To rotate the rat side to side the servo is mounted in the bottom box. An R/C steering horn is attached to the rod or bolt that passes through the top of the box and linked to the servo. If you don't have something similar you can cut a control arm out of a piece of metal and jam two nuts on both sides. On the servo end I added a popsicle stick and metal strip to it to increase the servo arm travel. They are connected together with music wire. You only get 45 degrees of travel side to side, that's the limit of the servo travel. That means you can't squirt someone directly to the side of the prop but if you arrange your rat so people can't go behind it or directly to the side then it's not a problem. You could probably come up with improvements to let it rotate in a greater arc.


----------



## Haunted Neurons (Jun 23, 2006)

Acid Spitting Demon Rat! PART 6

The water pump was pulled out of a battery operated squirt gun.
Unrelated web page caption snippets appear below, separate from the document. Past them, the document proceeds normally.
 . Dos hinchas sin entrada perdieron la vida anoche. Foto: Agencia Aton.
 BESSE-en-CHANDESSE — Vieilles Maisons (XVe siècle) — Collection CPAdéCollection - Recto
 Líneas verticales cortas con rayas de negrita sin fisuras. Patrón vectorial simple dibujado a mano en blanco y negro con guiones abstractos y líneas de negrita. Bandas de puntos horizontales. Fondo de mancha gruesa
The pump is attached inside the bottom and vinyl tubing was run from the water reservoir to the pump and up through the frame to the mouth area. I used copper tubing velcro'd to the frame to try and control the placement of the exit end of the tubing. There is probably a better way to do it. The water reservoir is just a sports water bottle. I cut a hole in the top and attached the top of a soda bottle with cap to provide a water refill hole. (make sure you drill a small pinhole in the top of the cap to avoid a vacuum lock) This passes through the top of the box so I don't have to turn it over to refill. I used the nozzle end of the squirt gun where the water comes out and attached it to the end of the copper tubing in the mouth area with a short piece of vinyl tubing so it's flexible. This will shoot water just like the squirt gun did. You can use any cap\plug type thing with a pinhole in it to the same effect.
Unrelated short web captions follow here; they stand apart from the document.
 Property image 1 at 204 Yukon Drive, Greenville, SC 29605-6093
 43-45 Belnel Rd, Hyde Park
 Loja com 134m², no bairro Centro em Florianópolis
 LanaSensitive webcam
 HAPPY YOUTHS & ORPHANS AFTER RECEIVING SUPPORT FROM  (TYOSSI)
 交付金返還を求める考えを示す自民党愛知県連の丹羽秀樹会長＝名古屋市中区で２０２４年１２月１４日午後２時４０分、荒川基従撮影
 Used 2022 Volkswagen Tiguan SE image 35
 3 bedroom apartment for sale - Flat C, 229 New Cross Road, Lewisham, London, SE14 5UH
The pump is activated with a 3rd servo mounted to a piece of wood. I cut the servo disc into a cam shape to activate the micro switch which feeds 6 volts to the pump motor and at the same time lights up the red led eyes. This setup allows me to operate the mouth independent of the water pump so I can open and close the mouth without squirting people. If you want you can eliminate the 3rd servo and activate the pump using the servo for the mouth. Just add some linkage to activate a switch at the same time the mouth is all the way open.


----------



## grapegrl (Jan 3, 2006)

Awesome, HauntedNeurons! It's amazing what you did with an inexpensive Wal-Mart prop!


----------



## Haunted Neurons (Jun 23, 2006)

Acid Spitting Demon Rat! PART 7

The image below shows the routing of the water tubing and how it is mounted to the mouth. You can also see the led eyes on the ends of the wires.


----------



## Haunted Neurons (Jun 23, 2006)

Acid Spitting Demon Rat! PART 8 (Finished with all parts)

The latex shell is then pulled over the frame and some stuffing re-added to fill out the droopy parts, making sure the stuffing doesn't cause the servos to bind. The red leds are just poked through pin holes in the eyes just enough to see the light. The squirting end is poked through the tongue. The back can be taped shut with black tape or use Velcro.
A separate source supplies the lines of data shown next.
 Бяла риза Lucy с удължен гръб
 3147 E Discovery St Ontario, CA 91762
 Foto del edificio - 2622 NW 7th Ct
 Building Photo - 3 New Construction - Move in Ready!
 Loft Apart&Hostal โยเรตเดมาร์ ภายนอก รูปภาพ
I mounted the water bottle, pump, rotate servo, battery packs, and receiver in the bottom with a on off switch. Everything is battery operated so the prop can be put anywhere in the yard without having to attach a power cord. For longer run times a wall wart would be better. I used a separate battery packs for the water pump and receiver only because it was convenient. The receiver came with its own battery pack with a special connector. The receiver battery is too small to power the water pump by itself. You could combine the two if you want, just make sure your voltage doesn't exceed what the receiver takes or you might blow it up.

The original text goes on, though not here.